-------- Data --------

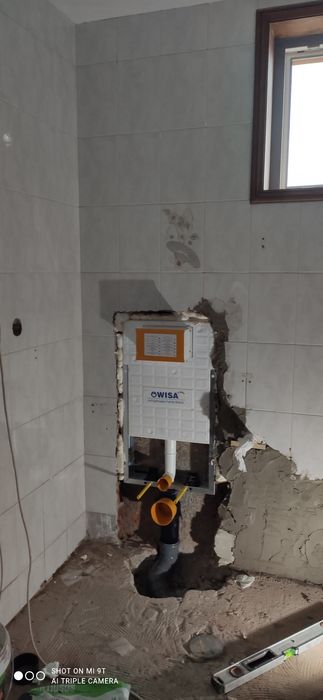 Canalizador - Electricista - Substituição de banheiras, etc.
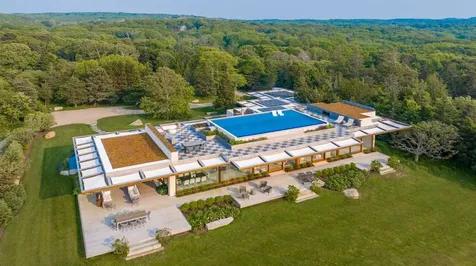 60 Bartimus Luce Road West Tisbury MA 02575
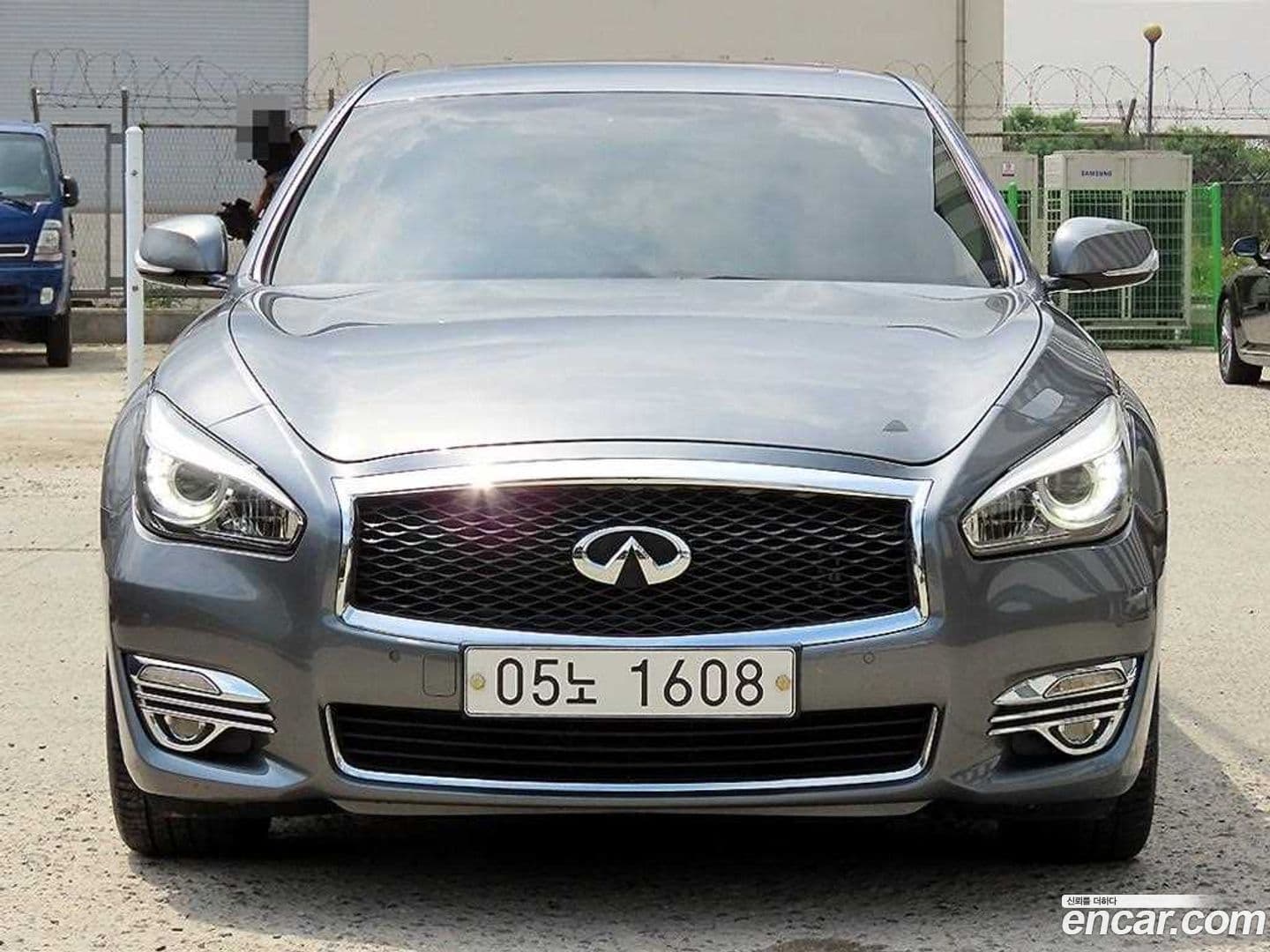 Main__Slider__Photo:Q70 Infiniti 2017.7-0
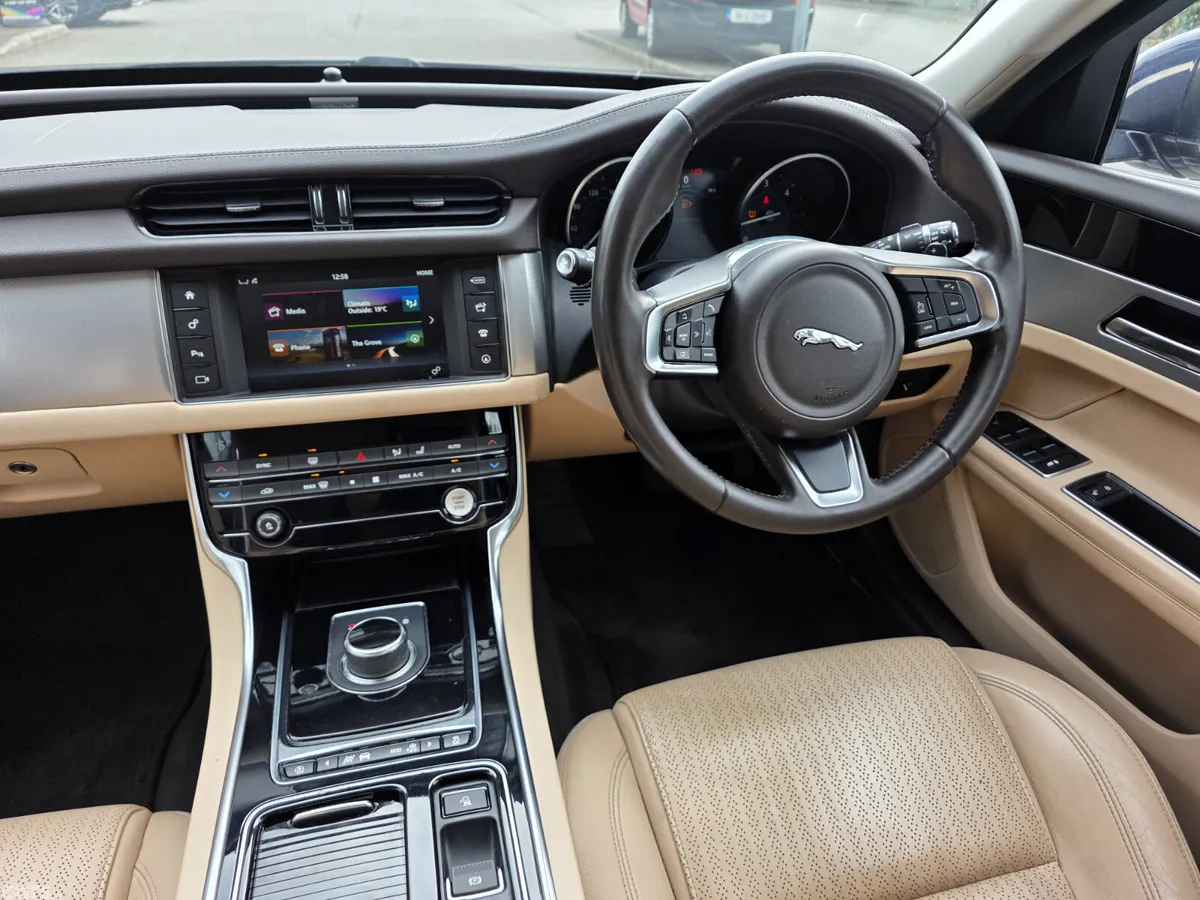 Jaguar XF Estate, Diesel, 2019, Blue
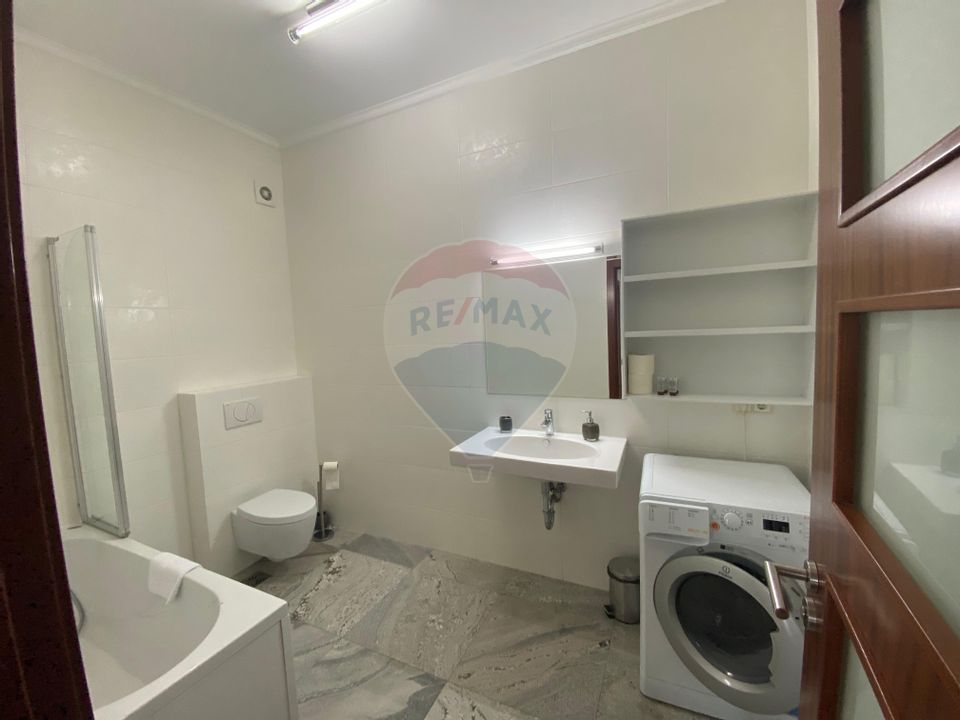 Apartament cu 3 camere de închiriat în zona Semicentrală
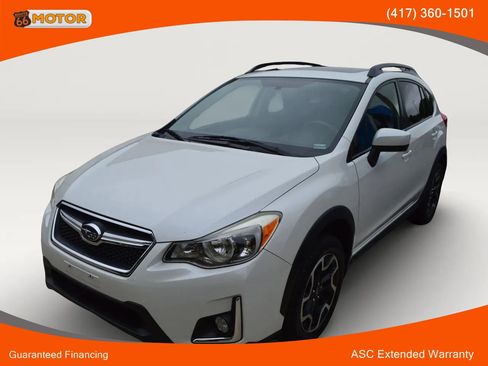 Used 2017 Subaru Crosstrek 2.0i Premium w/ Moonroof Package AWD/4WD image 1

--------

### Assignment
Nothing but the lines from the line holding "60 Bartimus Luce Road West Tisbury MA 02575" through the last line of the entries above is to be reproduced, exactly and without pictures.

### Response for this exercise
 60 Bartimus Luce Road West Tisbury MA 02575
 Main__Slider__Photo:Q70 Infiniti 2017.7-0
 Jaguar XF Estate, Diesel, 2019, Blue
 Apartament cu 3 camere de închiriat în zona Semicentrală
 Used 2017 Subaru Crosstrek 2.0i Premium w/ Moonroof Package AWD/4WD image 1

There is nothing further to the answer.